The aim of this study is to design and evaluate metoprolol succinate sustained release (SR) matrix tablets employing a natural gum blend as the rate-retarder. Developing a tablet matrix utilizing ...locust bean gum (LBG), xanthan gum (XG), and guar gum (GG) was done to aid metoprolol succinate release over a 24-h period and help in once-daily dosage, reducing nocturnal episodes in hypertensive patients. In an effort to create a synergistic effect, attempts were made to combine commonly used natural gums, XG and GG, with LBG, which served as the primary release-retardant.
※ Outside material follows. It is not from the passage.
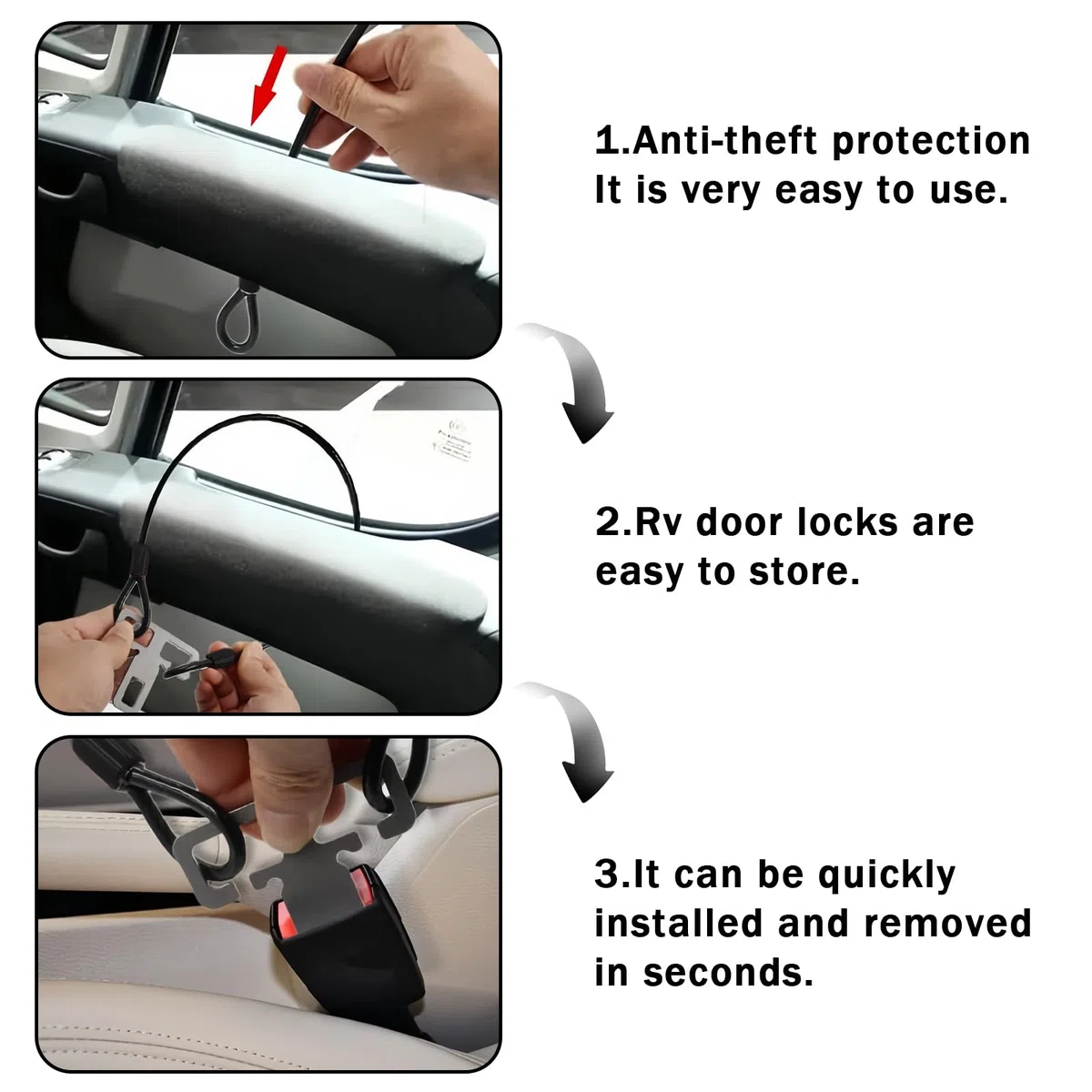 2 Set Protección contra robo para autocaravana: Protección contra robo para autocaravana, protección contra robo para la puerta de autocaravanas, resistente barra de seguridad de metal para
The optimal way to formulate the tablet was studied using polymer blend ratios of 1:1, 1:3, 1:5, 1:1:1, 1:2:1 and 1.5:1.5:1. The same created polymer mix was used as the binding agent to prepare tablets utilizing the wet granulation process. Weight, thickness, hardness, content homogeneity, in-vitro drug release, erosion, and water uptake were used to characterize the formulations. Additional testing for drug-excipient compatibility was conducted. It was discovered that an XG:LBG:GG ratio of 1:2:1 produced the best outcomes having the highest t
75%
of cumulative drug release of 15.2 h, outperforming commercial formulations. A relation between the gum concentration and release rate retarding effect was also established. 3.33% of gum concentration showed optimal sustained release effects. The results concluded that the prepared SR metoprolol succinate tablets might be one of the best formulation for hypertensive patients that not only serves therapeutic purpose but also values the patients concern of providing minimal side-effect in the long run use of the medication.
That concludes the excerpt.